"Going the other way":
Suppose $T$ has at least two eigenvalues $\lambda_1$ and $\lambda_2$.
I claim $T - \lambda I$ is non-nilpotent for every $\lambda \in \Bbb C$.
For if $T$ has at least two eigenvalues $\lambda_1$ and $\lambda_2$, there are nonzero vectors $v_1$ and $v_2$ with
$Tv_1 = \lambda_1 v_1 \tag{1}$
and
$Tv_2 = \lambda_2 v_2; \tag{2}$
then for any $\lambda \in \Bbb C$ we have
$(T - \lambda)v_1 = (\lambda_1 - \lambda)v_1, \tag{3}$
and
$(T - \lambda)v_2 = (\lambda_2 - \lambda)v_2. \tag{4}$
Now if $\lambda \notin \{\lambda_1, \lambda_2 \}$, then
$\lambda_1 - \lambda \ne 0 \ne \lambda_2 - \lambda, \tag{5}$
whence for any positive integer $n$,
$(\lambda_1 - \lambda)^n \ne 0 \ne (\lambda_2 - \lambda)^n. \tag{6}$
Now it is easy to see that (3), (4) and (6) in concert yield
$(T - \lambda)^n v_1 = (\lambda_1 - \lambda)^n v_1 \ne 0 \tag{7}$
and
$(T - \lambda)^n v_2 = (\lambda_2 - \lambda)^n v_2 \ne 0; \tag{8}$
by virtue of (7) and (8) we must have
$(T - \lambda)^n \ne 0 \tag{9}$
for all positive $n \in \Bbb Z$; hence, $T - \lambda$ is not nilpotent.
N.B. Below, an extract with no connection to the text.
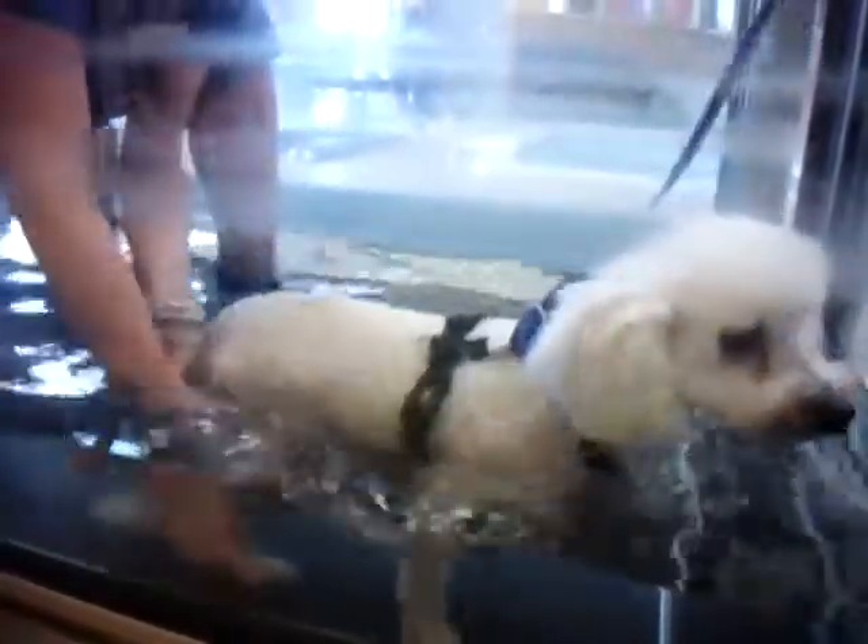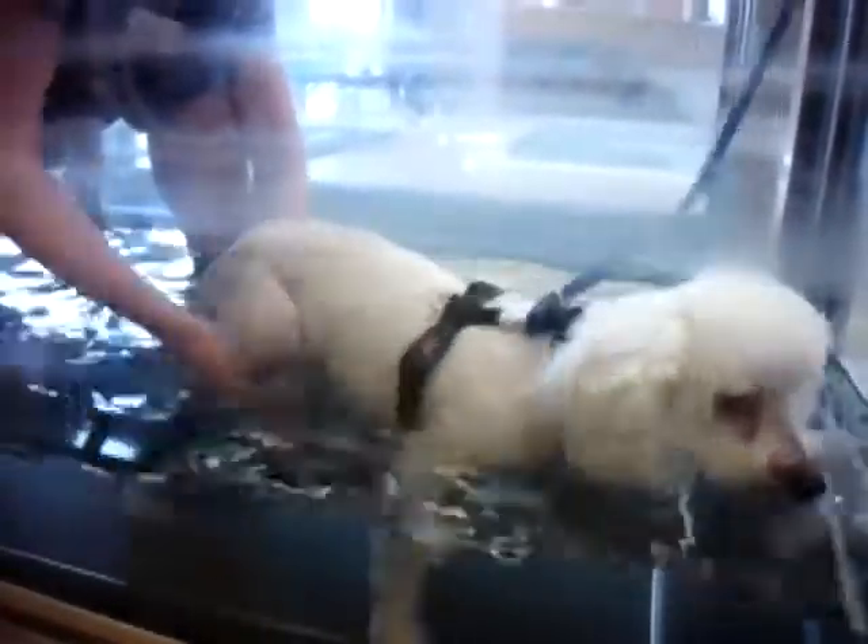Basically what I'm doing is I'm just giving a little pinch of his toes at the end of his stride to get him to pick that foot up, and then I'm helping him place it forward. The hope is that this will retrain him that this is how it feels to walk — that I need to bend my knee, take my foot up, move my leg forward.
If $\lambda \in \{\lambda_1, \lambda_2 \}$, then at least one of (7), (8) still binds, and so the conclusion (9) binds in this case as well.
We have just seen that if $T$ has more than one eigevalue, $T - \lambda$ cannot be nilpotent. Thus $T - \lambda$ nilpotent forces $T$ to have precisely one eigenvalue.